_Goal of the exercise_.
Make a verbatim copy of all the records.
START Provided data
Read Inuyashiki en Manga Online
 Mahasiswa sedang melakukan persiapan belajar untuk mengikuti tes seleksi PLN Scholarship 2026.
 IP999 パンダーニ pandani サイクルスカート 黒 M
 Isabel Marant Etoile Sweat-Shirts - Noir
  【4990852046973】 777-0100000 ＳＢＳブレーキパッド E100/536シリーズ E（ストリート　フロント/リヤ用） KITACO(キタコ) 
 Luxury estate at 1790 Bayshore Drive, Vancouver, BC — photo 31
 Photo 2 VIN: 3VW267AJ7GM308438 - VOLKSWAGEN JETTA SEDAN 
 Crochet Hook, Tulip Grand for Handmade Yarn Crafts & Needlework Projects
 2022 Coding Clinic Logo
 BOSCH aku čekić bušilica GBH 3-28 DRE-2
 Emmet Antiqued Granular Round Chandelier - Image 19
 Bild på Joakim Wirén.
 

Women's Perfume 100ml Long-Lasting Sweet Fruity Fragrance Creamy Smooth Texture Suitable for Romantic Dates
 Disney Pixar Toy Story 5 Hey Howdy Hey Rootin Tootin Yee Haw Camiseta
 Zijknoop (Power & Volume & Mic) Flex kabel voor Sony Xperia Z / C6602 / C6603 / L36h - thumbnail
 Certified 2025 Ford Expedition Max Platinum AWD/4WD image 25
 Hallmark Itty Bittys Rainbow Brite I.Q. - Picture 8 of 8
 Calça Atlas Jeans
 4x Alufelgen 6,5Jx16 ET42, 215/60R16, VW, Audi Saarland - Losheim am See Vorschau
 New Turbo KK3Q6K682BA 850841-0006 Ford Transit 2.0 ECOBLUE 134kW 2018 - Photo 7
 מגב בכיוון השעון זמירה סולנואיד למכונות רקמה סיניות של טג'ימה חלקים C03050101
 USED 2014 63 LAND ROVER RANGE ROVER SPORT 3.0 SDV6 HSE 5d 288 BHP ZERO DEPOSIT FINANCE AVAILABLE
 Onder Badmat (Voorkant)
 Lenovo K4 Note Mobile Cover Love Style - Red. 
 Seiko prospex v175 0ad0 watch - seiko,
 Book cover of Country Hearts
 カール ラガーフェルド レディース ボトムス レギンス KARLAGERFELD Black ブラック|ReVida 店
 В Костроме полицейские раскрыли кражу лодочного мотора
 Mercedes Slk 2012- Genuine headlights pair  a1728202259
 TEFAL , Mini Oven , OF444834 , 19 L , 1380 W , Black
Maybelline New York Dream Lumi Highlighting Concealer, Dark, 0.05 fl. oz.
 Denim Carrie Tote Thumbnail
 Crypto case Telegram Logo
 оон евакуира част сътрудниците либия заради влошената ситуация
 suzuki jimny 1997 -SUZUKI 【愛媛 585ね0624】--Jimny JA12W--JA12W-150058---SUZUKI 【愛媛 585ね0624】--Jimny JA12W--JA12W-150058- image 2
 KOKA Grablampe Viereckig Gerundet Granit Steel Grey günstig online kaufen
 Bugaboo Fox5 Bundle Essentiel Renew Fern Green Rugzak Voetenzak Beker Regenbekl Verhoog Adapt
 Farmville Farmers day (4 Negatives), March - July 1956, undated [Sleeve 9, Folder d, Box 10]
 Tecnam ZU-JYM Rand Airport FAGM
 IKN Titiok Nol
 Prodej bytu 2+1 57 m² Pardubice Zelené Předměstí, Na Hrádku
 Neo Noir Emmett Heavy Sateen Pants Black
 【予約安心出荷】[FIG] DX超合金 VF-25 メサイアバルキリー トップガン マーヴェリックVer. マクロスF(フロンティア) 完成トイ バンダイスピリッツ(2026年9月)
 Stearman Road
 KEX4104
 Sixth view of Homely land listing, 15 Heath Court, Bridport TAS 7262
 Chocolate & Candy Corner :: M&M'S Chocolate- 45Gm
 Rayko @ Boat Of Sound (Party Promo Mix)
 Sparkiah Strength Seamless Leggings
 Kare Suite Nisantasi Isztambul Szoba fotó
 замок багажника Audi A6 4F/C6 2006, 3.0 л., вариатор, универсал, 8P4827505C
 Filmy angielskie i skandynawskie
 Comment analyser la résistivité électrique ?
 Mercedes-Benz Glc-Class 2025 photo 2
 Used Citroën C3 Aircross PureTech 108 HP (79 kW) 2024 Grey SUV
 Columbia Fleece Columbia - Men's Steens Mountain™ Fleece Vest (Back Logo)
END Provided data
_Exercise response_.
Read Inuyashiki en Manga Online
 Mahasiswa sedang melakukan persiapan belajar untuk mengikuti tes seleksi PLN Scholarship 2026.
 IP999 パンダーニ pandani サイクルスカート 黒 M
 Isabel Marant Etoile Sweat-Shirts - Noir
  【4990852046973】 777-0100000 ＳＢＳブレーキパッド E100/536シリーズ E（ストリート　フロント/リヤ用） KITACO(キタコ) 
 Luxury estate at 1790 Bayshore Drive, Vancouver, BC — photo 31
 Photo 2 VIN: 3VW267AJ7GM308438 - VOLKSWAGEN JETTA SEDAN 
 Crochet Hook, Tulip Grand for Handmade Yarn Crafts & Needlework Projects
 2022 Coding Clinic Logo
 BOSCH aku čekić bušilica GBH 3-28 DRE-2
 Emmet Antiqued Granular Round Chandelier - Image 19
 Bild på Joakim Wirén.
 

Women's Perfume 100ml Long-Lasting Sweet Fruity Fragrance Creamy Smooth Texture Suitable for Romantic Dates
 Disney Pixar Toy Story 5 Hey Howdy Hey Rootin Tootin Yee Haw Camiseta
 Zijknoop (Power & Volume & Mic) Flex kabel voor Sony Xperia Z / C6602 / C6603 / L36h - thumbnail
 Certified 2025 Ford Expedition Max Platinum AWD/4WD image 25
 Hallmark Itty Bittys Rainbow Brite I.Q. - Picture 8 of 8
 Calça Atlas Jeans
 4x Alufelgen 6,5Jx16 ET42, 215/60R16, VW, Audi Saarland - Losheim am See Vorschau
 New Turbo KK3Q6K682BA 850841-0006 Ford Transit 2.0 ECOBLUE 134kW 2018 - Photo 7
 מגב בכיוון השעון זמירה סולנואיד למכונות רקמה סיניות של טג'ימה חלקים C03050101
 USED 2014 63 LAND ROVER RANGE ROVER SPORT 3.0 SDV6 HSE 5d 288 BHP ZERO DEPOSIT FINANCE AVAILABLE
 Onder Badmat (Voorkant)
 Lenovo K4 Note Mobile Cover Love Style - Red. 
 Seiko prospex v175 0ad0 watch - seiko,
 Book cover of Country Hearts
 カール ラガーフェルド レディース ボトムス レギンス KARLAGERFELD Black ブラック|ReVida 店
 В Костроме полицейские раскрыли кражу лодочного мотора
 Mercedes Slk 2012- Genuine headlights pair  a1728202259
 TEFAL , Mini Oven , OF444834 , 19 L , 1380 W , Black
Maybelline New York Dream Lumi Highlighting Concealer, Dark, 0.05 fl. oz.
 Denim Carrie Tote Thumbnail
 Crypto case Telegram Logo
 оон евакуира част сътрудниците либия заради влошената ситуация
 suzuki jimny 1997 -SUZUKI 【愛媛 585ね0624】--Jimny JA12W--JA12W-150058---SUZUKI 【愛媛 585ね0624】--Jimny JA12W--JA12W-150058- image 2
 KOKA Grablampe Viereckig Gerundet Granit Steel Grey günstig online kaufen
 Bugaboo Fox5 Bundle Essentiel Renew Fern Green Rugzak Voetenzak Beker Regenbekl Verhoog Adapt
 Farmville Farmers day (4 Negatives), March - July 1956, undated [Sleeve 9, Folder d, Box 10]
 Tecnam ZU-JYM Rand Airport FAGM
 IKN Titiok Nol
 Prodej bytu 2+1 57 m² Pardubice Zelené Předměstí, Na Hrádku
 Neo Noir Emmett Heavy Sateen Pants Black
 【予約安心出荷】[FIG] DX超合金 VF-25 メサイアバルキリー トップガン マーヴェリックVer. マクロスF(フロンティア) 完成トイ バンダイスピリッツ(2026年9月)
 Stearman Road
 KEX4104
 Sixth view of Homely land listing, 15 Heath Court, Bridport TAS 7262
 Chocolate & Candy Corner :: M&M'S Chocolate- 45Gm
 Rayko @ Boat Of Sound (Party Promo Mix)
 Sparkiah Strength Seamless Leggings
 Kare Suite Nisantasi Isztambul Szoba fotó
 замок багажника Audi A6 4F/C6 2006, 3.0 л., вариатор, универсал, 8P4827505C
 Filmy angielskie i skandynawskie
 Comment analyser la résistivité électrique ?
 Mercedes-Benz Glc-Class 2025 photo 2
 Used Citroën C3 Aircross PureTech 108 HP (79 kW) 2024 Grey SUV
 Columbia Fleece Columbia - Men's Steens Mountain™ Fleece Vest (Back Logo)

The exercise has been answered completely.